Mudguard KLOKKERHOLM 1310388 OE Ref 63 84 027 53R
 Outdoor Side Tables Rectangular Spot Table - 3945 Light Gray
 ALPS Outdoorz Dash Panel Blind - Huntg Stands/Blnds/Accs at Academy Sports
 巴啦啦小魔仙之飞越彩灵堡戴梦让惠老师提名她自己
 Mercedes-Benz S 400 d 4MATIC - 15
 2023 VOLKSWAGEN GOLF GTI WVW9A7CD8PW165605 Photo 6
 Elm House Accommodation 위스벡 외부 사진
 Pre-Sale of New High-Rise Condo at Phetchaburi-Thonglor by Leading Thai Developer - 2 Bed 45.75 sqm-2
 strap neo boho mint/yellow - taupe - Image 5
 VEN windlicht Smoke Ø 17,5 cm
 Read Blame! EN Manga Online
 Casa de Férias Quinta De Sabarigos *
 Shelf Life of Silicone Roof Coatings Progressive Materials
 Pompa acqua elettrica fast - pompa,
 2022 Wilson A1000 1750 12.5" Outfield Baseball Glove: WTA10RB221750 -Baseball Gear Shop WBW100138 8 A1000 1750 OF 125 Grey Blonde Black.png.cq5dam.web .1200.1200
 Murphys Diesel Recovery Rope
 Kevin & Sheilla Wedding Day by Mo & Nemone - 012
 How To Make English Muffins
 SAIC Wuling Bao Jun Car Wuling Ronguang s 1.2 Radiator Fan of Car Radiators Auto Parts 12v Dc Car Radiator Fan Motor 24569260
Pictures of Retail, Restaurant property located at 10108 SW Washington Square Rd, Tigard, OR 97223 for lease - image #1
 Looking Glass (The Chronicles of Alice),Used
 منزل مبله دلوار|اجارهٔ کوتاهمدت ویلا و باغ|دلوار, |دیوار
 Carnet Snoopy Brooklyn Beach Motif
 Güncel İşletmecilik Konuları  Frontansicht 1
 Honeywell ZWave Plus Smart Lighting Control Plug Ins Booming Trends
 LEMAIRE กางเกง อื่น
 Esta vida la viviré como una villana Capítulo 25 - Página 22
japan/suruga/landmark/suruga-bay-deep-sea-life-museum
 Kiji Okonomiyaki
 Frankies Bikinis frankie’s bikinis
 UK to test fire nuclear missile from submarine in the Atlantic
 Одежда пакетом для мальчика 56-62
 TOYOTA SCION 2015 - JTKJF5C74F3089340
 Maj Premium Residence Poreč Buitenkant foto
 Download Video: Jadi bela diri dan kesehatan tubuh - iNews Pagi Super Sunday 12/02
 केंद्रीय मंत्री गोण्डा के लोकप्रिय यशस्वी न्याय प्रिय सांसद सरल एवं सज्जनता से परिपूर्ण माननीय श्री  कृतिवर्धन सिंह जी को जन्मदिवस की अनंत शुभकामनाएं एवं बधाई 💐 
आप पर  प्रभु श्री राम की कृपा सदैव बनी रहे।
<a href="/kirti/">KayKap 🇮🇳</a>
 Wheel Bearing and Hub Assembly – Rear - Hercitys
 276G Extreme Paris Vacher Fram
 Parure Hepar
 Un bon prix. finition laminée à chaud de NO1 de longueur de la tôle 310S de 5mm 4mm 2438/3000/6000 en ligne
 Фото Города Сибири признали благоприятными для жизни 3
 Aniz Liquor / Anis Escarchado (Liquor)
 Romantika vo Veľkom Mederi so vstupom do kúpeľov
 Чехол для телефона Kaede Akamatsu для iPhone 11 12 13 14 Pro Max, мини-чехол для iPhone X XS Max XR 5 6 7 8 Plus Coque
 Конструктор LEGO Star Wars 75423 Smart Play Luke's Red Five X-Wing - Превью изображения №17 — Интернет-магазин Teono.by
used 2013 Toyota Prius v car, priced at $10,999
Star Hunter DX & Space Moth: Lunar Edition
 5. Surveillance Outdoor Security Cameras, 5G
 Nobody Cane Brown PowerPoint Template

■ ■ ■

What to produce: Reply with exactly the lines from the one containing "LEMAIRE กางเกง อื่น" to the last line of the material, inclusive, and with nothing more.

Final answer:
 LEMAIRE กางเกง อื่น
 Esta vida la viviré como una villana Capítulo 25 - Página 22
japan/suruga/landmark/suruga-bay-deep-sea-life-museum
 Kiji Okonomiyaki
 Frankies Bikinis frankie’s bikinis
 UK to test fire nuclear missile from submarine in the Atlantic
 Одежда пакетом для мальчика 56-62
 TOYOTA SCION 2015 - JTKJF5C74F3089340
 Maj Premium Residence Poreč Buitenkant foto
 Download Video: Jadi bela diri dan kesehatan tubuh - iNews Pagi Super Sunday 12/02
 केंद्रीय मंत्री गोण्डा के लोकप्रिय यशस्वी न्याय प्रिय सांसद सरल एवं सज्जनता से परिपूर्ण माननीय श्री  कृतिवर्धन सिंह जी को जन्मदिवस की अनंत शुभकामनाएं एवं बधाई 💐 
आप पर  प्रभु श्री राम की कृपा सदैव बनी रहे।
<a href="/kirti/">KayKap 🇮🇳</a>
 Wheel Bearing and Hub Assembly – Rear - Hercitys
 276G Extreme Paris Vacher Fram
 Parure Hepar
 Un bon prix. finition laminée à chaud de NO1 de longueur de la tôle 310S de 5mm 4mm 2438/3000/6000 en ligne
 Фото Города Сибири признали благоприятными для жизни 3
 Aniz Liquor / Anis Escarchado (Liquor)
 Romantika vo Veľkom Mederi so vstupom do kúpeľov
 Чехол для телефона Kaede Akamatsu для iPhone 11 12 13 14 Pro Max, мини-чехол для iPhone X XS Max XR 5 6 7 8 Plus Coque
 Конструктор LEGO Star Wars 75423 Smart Play Luke's Red Five X-Wing - Превью изображения №17 — Интернет-магазин Teono.by
used 2013 Toyota Prius v car, priced at $10,999
Star Hunter DX & Space Moth: Lunar Edition
 5. Surveillance Outdoor Security Cameras, 5G
 Nobody Cane Brown PowerPoint Template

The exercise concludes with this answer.